RECENT revelations that a woman was found with maggots in her mouth the day before she died at a Raymond Terrace nursing home have demonstrated that some of our community’s most vulnerable are still subject to “horrific neglect,” with experts agreeing the current accreditation process for aged care facilities is flawed.
Charles Sturt University nursing lecturer Dr Maree Bernoth, said despite many inquiries into the industry, there were still too many instances of cruelty, abuse and neglect for our frail and elderly.
“We need a royal commission,” she said.
“We have an aging population. We need to put a broom through the sector.”

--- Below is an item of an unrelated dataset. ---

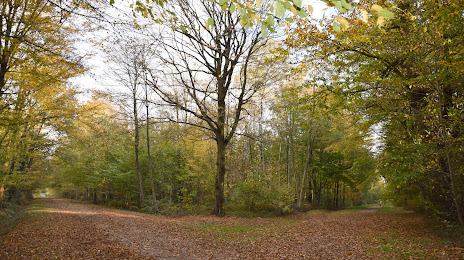 Forêt Régionale de Gros Bois, Sucy-en-Brie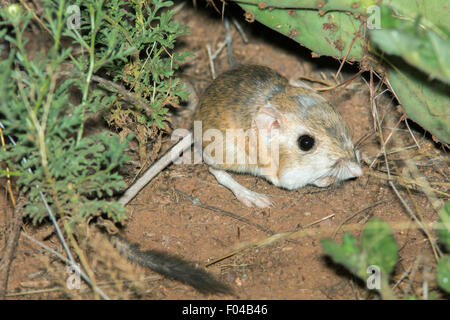 Merriam Kangaroo Rat Dipodomys Merriami Near Elgin ARIZONA United ...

Dr Bernoth said she was disappointed that a bill designed to ensure a registered nurse is on duty at all times at high care nursing homes was not passed through the lower house on Thursday.
She explained that as we age, our health problems do not present in the same ways.
“People with high care needs really need the knowledge and skills of a registered nurse, not to prolong their life, but to ensure they have quality of life,” she said.
Dr Bernoth said many aged care facilities were “fantastic”, but the current accreditation system did not celebrate those, or highlight the ones doing poorly.
Newcastle lawyer Catherine Henry agreed, and said the Aged Care Complaints Scheme was a bad regulatory model.
“If you had higher numbers of registered nurses, and aged care providers were willing to take a hit on the bottom line, you might see some change,” Ms Henry said.
“Of all the aged care cases I’ve been involved in, it often comes down to inadequate staffing levels.”
“I’m a firm believer in litigation playing a positive role in improving standards in social policy. What else is going to happen? We’re just going to continue hearing horror stories.”
Ms Henry said decisions regarding nursing homes were often made quickly out of neccessity.
“Most people have to go with the lovely public relations image on the websites and in the glossy brochures,” she said. “Some of the places we’ve come up against sometimes get an exemplary inspection by the accreditation agency. They might make these criticisms in their reports, but there are no hearings, no publicity.”